His lean, wolfish body was hunched over. His long, dark hair was dotted with visible gray. His green eyes, the same shade as hers, gleamed maniacally. He was still the same serial killer, who, after two decades spreading mayhem across the country, had come to L.A. to convert or kill her.
But then the smoke cleared and she saw that she was wrong. It wasn’t her father in front of her but Bolton Crutchfield, her father’s protégé, who escaped from a psychiatric prison, then returned to torment and occasionally assist her. Short and pudgy with brown hair parted neatly to the side, he stared at her unblinkingly with steely brown eyes.
The room was so smoky that the overhead sprinklers turned on. Water poured down from above, mixing with the smoke to make the air dank and thick. In the middle of it, she realized that she’d been mistaken. The man in front of her, tall and blond with cold, blue eyes and broad shoulders, was actually her ex-husband, Kyle Voss, who’d cheated on her, killed his mistress, and then tried to frame her for it. That was before he got out of prison and tried to kill her, Hannah, and Ryan. He’d almost succeeded.
As she held the poker tight, waiting for him to advance on her, she became aware of something that had been tickling the corner of her brain. All of these men were dead, all killed by her in fact, while defending herself. That’s when she knew she was dreaming.
But even that knowledge didn’t help. The man, whoever he was, advanced on her quickly. She raised the poker higher, waiting. When he was close enough, she swung with all her might. Just before the tip of the poker made contact with his skull, she saw his face clearly. But it wasn’t a man at all. It was Andy Robinson. And she was smiling.
Jessie sat straight up in bed, gasping for air, her heart pounding.

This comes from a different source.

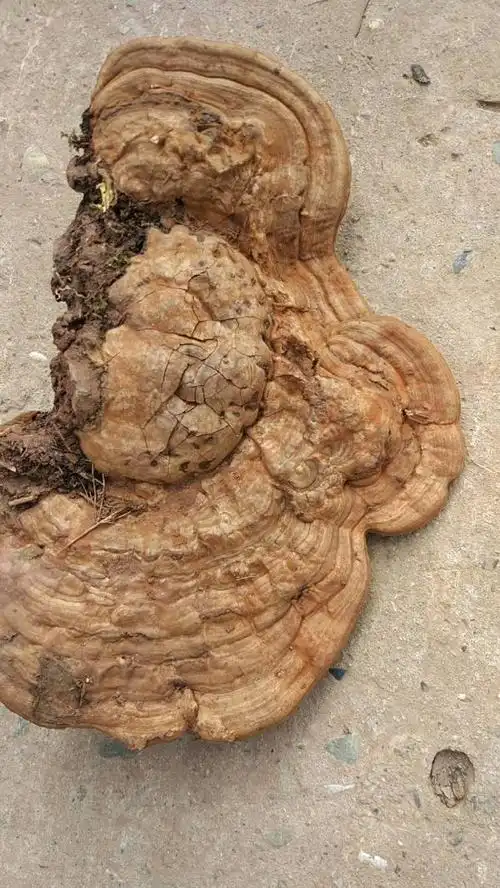 中医说是有毒的不能吃也不能用药,我在网上查了好像是树舌灵芝,可以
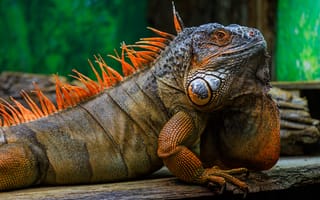 Картинка игуана, чешуя, шипы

The clock read 2:53 a.m. She looked over and saw Ryan to her left, sprawled out, his legs creeping well over onto her side of the bed. Her t-shirt was soaked with sweat, as were the sheets below her. She allowed a few seconds for her body to regulate.
It’s been a while since I’ve had a dream like that.
She slid out of bed and got a big towel from the linen closet, which she laid over the damp part of the sheets. Then she headed to the bathroom for a quick shower and change before returning to bed and hopefully, some semblance of sleep.
It had been months since she’d had a nightmare that vivid. She didn’t recall ever having one with all those people in it and tried not to fixate on the fact that the only one of them who was still alive might be set free tomorrow. Instead, she let her mind drift to another equally troubling concern.
Will I ever get past my demons? And if I can’t, what hope does Hannah have?